──────── Data ────────
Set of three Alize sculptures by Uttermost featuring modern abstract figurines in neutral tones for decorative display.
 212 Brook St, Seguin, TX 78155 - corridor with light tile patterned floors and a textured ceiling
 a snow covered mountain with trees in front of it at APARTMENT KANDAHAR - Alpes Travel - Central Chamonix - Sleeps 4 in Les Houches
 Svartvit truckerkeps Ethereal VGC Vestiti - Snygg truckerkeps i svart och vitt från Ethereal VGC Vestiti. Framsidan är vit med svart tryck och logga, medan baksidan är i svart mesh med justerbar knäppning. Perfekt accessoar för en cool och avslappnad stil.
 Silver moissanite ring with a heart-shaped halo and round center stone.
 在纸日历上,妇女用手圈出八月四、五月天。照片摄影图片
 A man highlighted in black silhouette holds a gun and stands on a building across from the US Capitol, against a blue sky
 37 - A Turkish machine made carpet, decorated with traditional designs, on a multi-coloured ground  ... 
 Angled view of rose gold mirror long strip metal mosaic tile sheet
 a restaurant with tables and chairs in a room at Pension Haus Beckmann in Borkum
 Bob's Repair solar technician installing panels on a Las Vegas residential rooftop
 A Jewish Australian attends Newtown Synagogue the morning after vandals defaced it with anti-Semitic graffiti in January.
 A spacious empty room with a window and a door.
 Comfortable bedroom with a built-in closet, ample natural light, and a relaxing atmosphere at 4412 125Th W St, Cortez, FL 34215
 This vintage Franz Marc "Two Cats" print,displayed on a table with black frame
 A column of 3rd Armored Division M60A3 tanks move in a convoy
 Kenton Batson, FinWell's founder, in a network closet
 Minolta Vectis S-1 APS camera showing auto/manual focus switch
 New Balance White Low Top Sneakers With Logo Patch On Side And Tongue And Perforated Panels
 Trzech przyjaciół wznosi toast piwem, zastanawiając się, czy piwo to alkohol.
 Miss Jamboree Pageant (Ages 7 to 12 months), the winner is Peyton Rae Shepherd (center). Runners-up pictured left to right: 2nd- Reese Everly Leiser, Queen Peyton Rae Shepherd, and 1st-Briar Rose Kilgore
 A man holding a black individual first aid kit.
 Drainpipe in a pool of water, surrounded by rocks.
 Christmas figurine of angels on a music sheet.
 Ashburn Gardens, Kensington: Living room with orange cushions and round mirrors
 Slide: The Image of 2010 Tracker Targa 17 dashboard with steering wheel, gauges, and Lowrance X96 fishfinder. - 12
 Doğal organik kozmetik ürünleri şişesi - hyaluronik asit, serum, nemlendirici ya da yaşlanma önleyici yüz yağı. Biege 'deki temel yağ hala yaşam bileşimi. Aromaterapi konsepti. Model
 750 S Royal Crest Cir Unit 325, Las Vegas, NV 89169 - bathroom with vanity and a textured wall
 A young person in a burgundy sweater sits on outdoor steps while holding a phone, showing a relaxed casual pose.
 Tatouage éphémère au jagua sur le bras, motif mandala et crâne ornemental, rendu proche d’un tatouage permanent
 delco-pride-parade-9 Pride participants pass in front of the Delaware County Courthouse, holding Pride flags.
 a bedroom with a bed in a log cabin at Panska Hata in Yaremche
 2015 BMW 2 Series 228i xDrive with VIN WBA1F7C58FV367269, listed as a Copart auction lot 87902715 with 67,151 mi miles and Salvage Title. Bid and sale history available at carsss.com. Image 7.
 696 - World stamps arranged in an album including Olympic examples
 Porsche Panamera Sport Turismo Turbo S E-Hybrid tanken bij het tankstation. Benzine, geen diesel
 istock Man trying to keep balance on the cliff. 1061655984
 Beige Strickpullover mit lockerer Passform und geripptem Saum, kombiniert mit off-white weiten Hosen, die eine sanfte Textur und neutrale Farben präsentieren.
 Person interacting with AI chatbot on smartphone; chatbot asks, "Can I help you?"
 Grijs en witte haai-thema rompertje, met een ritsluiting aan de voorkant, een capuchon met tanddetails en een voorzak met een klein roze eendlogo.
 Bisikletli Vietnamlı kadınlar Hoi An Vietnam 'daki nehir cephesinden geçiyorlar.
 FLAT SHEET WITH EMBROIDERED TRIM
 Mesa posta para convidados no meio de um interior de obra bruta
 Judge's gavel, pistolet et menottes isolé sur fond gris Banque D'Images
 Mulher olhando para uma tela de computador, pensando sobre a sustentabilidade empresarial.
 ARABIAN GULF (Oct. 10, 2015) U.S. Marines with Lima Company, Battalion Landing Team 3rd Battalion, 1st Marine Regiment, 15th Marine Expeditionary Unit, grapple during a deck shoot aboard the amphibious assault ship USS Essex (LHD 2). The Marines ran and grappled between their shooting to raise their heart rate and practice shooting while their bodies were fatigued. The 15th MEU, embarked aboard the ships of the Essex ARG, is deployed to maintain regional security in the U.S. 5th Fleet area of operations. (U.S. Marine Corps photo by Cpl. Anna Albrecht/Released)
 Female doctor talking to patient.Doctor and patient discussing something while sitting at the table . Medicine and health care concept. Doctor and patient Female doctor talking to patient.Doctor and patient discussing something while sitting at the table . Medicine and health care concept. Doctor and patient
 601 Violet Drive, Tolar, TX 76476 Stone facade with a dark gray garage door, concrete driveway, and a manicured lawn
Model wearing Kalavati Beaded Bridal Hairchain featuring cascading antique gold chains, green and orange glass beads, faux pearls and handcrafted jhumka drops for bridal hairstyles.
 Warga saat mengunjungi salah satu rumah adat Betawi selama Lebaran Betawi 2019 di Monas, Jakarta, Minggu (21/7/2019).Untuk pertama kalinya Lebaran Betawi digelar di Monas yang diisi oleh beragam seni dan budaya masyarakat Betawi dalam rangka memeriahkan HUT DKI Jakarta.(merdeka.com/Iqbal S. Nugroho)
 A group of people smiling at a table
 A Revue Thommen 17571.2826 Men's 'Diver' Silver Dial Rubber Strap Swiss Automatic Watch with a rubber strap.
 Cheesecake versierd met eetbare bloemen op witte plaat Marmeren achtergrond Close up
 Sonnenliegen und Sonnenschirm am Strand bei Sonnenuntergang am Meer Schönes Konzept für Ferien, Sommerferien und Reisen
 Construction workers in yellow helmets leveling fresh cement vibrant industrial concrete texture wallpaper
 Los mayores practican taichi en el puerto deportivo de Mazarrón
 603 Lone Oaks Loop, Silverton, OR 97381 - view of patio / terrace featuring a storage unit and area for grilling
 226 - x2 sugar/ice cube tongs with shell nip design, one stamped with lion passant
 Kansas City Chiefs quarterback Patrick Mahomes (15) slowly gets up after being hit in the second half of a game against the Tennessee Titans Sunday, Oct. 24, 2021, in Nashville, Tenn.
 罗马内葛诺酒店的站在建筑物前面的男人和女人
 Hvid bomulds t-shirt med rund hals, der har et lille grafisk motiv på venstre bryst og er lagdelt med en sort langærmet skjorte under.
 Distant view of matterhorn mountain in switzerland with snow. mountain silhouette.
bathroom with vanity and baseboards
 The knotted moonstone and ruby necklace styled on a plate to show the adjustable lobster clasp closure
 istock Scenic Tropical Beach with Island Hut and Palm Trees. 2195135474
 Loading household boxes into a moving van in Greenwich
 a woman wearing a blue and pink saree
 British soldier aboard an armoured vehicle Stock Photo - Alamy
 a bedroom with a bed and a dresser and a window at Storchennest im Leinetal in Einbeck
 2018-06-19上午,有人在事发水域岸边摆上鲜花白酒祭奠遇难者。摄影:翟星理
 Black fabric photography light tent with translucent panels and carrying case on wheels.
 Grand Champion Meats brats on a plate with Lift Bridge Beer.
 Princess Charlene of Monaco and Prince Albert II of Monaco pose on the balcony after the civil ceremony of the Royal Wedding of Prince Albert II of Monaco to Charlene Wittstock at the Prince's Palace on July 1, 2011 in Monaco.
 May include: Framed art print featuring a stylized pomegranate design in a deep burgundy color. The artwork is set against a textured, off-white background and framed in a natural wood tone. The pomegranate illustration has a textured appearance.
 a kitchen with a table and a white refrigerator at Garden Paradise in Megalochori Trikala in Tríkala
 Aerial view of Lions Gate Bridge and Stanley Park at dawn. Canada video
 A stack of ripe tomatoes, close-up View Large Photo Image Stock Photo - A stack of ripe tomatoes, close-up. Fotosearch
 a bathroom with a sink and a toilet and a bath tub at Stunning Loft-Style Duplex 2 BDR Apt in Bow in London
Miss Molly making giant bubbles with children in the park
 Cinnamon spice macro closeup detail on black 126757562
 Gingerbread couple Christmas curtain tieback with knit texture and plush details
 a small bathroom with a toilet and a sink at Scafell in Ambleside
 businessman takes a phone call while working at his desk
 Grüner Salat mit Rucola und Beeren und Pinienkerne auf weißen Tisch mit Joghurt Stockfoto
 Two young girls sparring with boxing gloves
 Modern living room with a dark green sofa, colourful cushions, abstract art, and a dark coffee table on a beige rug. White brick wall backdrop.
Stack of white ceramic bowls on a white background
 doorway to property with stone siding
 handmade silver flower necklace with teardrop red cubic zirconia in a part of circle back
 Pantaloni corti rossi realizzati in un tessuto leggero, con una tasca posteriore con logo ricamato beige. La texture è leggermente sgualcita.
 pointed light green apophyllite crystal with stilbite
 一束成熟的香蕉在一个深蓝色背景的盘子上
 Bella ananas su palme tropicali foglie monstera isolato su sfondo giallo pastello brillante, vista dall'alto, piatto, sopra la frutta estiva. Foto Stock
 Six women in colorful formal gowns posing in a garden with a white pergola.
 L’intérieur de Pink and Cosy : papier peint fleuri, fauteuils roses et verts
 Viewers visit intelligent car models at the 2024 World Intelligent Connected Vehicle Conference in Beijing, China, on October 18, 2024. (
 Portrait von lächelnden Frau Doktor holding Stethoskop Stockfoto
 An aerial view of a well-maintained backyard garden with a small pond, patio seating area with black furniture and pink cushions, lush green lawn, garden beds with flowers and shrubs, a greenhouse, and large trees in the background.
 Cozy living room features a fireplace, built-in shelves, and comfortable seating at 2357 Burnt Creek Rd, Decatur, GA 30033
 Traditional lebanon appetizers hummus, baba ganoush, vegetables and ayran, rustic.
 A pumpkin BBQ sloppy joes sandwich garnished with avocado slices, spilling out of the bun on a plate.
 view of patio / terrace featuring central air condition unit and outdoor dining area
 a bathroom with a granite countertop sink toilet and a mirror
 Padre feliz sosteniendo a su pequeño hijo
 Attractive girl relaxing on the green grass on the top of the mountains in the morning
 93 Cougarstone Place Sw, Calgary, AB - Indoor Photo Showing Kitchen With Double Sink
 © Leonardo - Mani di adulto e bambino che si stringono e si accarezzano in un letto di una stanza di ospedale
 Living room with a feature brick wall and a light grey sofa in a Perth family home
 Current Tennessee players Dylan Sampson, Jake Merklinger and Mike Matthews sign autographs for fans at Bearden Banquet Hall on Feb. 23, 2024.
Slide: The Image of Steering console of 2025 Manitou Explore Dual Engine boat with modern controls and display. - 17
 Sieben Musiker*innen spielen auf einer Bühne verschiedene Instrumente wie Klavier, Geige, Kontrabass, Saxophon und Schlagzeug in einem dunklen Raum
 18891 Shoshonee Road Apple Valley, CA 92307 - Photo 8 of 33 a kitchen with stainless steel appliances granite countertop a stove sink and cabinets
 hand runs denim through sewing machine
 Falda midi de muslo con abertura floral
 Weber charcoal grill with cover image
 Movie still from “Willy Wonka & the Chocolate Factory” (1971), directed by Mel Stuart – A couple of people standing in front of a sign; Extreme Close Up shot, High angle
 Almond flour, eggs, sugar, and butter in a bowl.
────────
— What is being asked —
Would you please copy exactly the part of the entries above that begins at the line containing "a small bathroom" and ends at the line containing "handmade silver flower", both lines included?

— Result —
 a small bathroom with a toilet and a sink at Scafell in Ambleside
 businessman takes a phone call while working at his desk
 Grüner Salat mit Rucola und Beeren und Pinienkerne auf weißen Tisch mit Joghurt Stockfoto
 Two young girls sparring with boxing gloves
 Modern living room with a dark green sofa, colourful cushions, abstract art, and a dark coffee table on a beige rug. White brick wall backdrop.
Stack of white ceramic bowls on a white background
 doorway to property with stone siding
 handmade silver flower necklace with teardrop red cubic zirconia in a part of circle back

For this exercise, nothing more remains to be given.